Monday, 2 February 2015

SCHOOL ET AL: ACT ONE SCENE ONE

Looking back at your own legal education with your years of practice and your exposure to how lawyers are educated in other countries of the world, do you not find 5, whole years a bit too much? This question about the education system professionals like lawyers and doctors go through is not new. The idea behind this length of time is to give you a thorough exposure to the rudiments and nuances of legal theory so that your entire being gets the idea that you are studying the law. Now, while one understands the howlers who say the time is too much ( yours truly met with a lady who studied in London and she asked 'what are you people doing with 5 whole years? Reply: 'My Sister...' ) and I strongly agree with them but I am more concerned with the content and direction of the education itself.

This is what we do at IBARU-McKENZIE, we generate business for law firms. This is our contribution to legal, others have social reform, justice e.t.c. we want to build billion dollar law firms, outside the major cities. So if you decide to spend your precious eyeball time on this blawg the preceding sentence was written so you'll have a clear idea of the kind of stuff you'll be getting. And blawg was not an error, it is pretty normal in the legal blogosphere as in B.LAW.G

So this matter of generating business in law firms rests primarily on the not-so- obvious assumption that the law is a business and a business needs customers to exist. You've probably read this business of the law being a noble profession? All lawyees get this from day one. Please for your own sanity take it down a little on the noble and dig in to the business. You cannot exercise a drop of nobility if the economic existence of your firm is in doubt. Not survival now, existence.
Following from this what did you ever learn in school about generating business apart from 'No Soliciting'. Probably nothing, so you had to learn by aping your seniors and the school of hard knocks. But (one really should not start a sentence with but, but it sounds right) there is this strange idea that has been around for a while. Really since the foundation of school and it is this: the plan behind setting up a system and working through it is that the individual can achieve more through the system than on his own? Well, reform in education requires a concerted, planned and political will rich process, McKinsey has a report out on it.

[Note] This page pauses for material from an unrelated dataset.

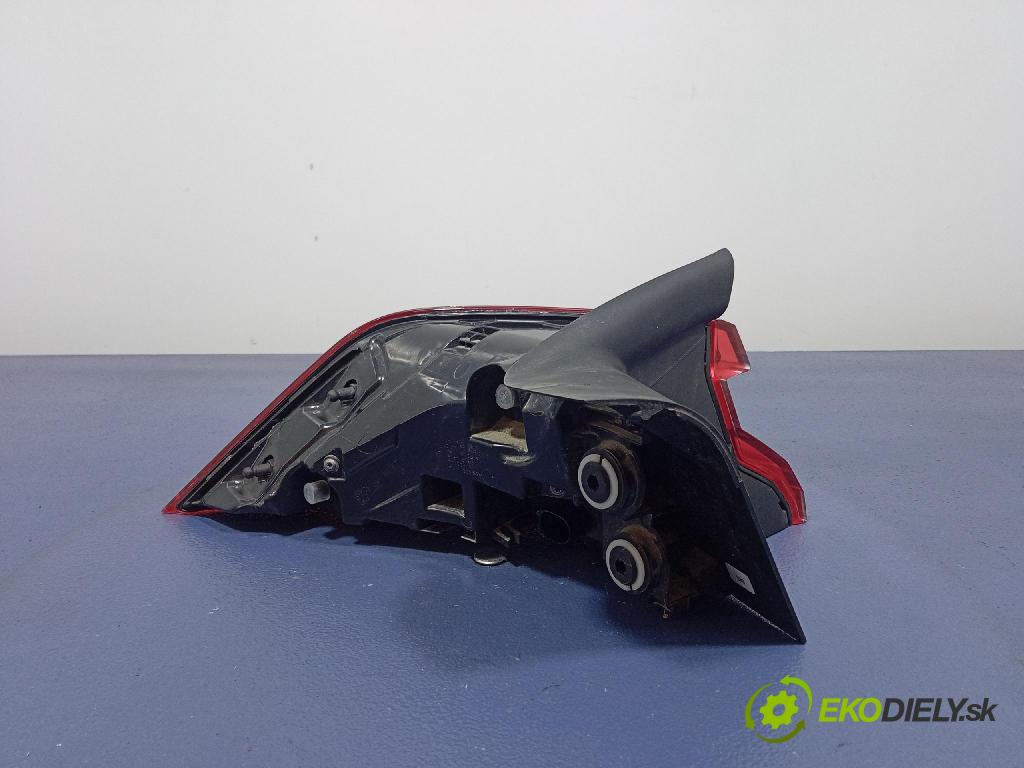 Audi SQ8 2022 světlo Zad: Práva: Mimo: 4M8945070B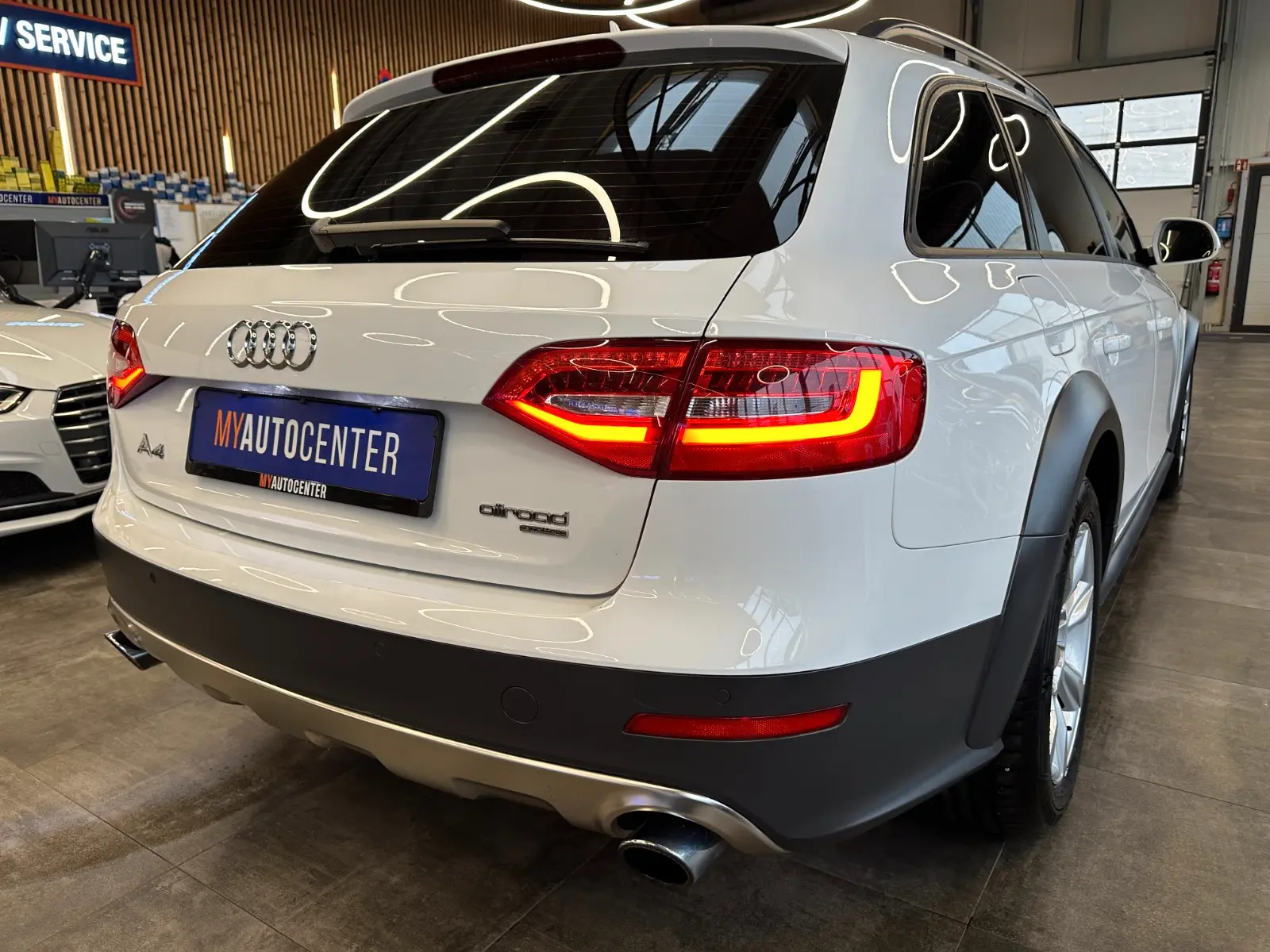 Audi A4 Allroad 2.0 TFSI quattro 211 ch • S tronic • GPS • Radars AV/AR • Régulateur • Sièges chauffants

While the wheels of change are turning, you have to be committed to the hunt as a law firm and do remember, you are a professional services firm with limits on how you can go about it both by law (LPDC anyone?) and by the nature of the services you sell. If it is any consolation to you, developed legal economies, the U.K., the U.S. have the same challenges in driving business their way.
Soliciting will not do it for the long term though an anything-that-comes-in-the- door policy has always bee used to tide over till more stable times, no trouble with that. As long as it is a SHORT TERM measure and you fight like hell to keep it so.

A closing thought: have you noticed that most regular folk associate the lawyer with the courts i.e. litigation while the legal community itself seems to reward business law which follows business around and does its paperwork? It gets one thinking about what is what.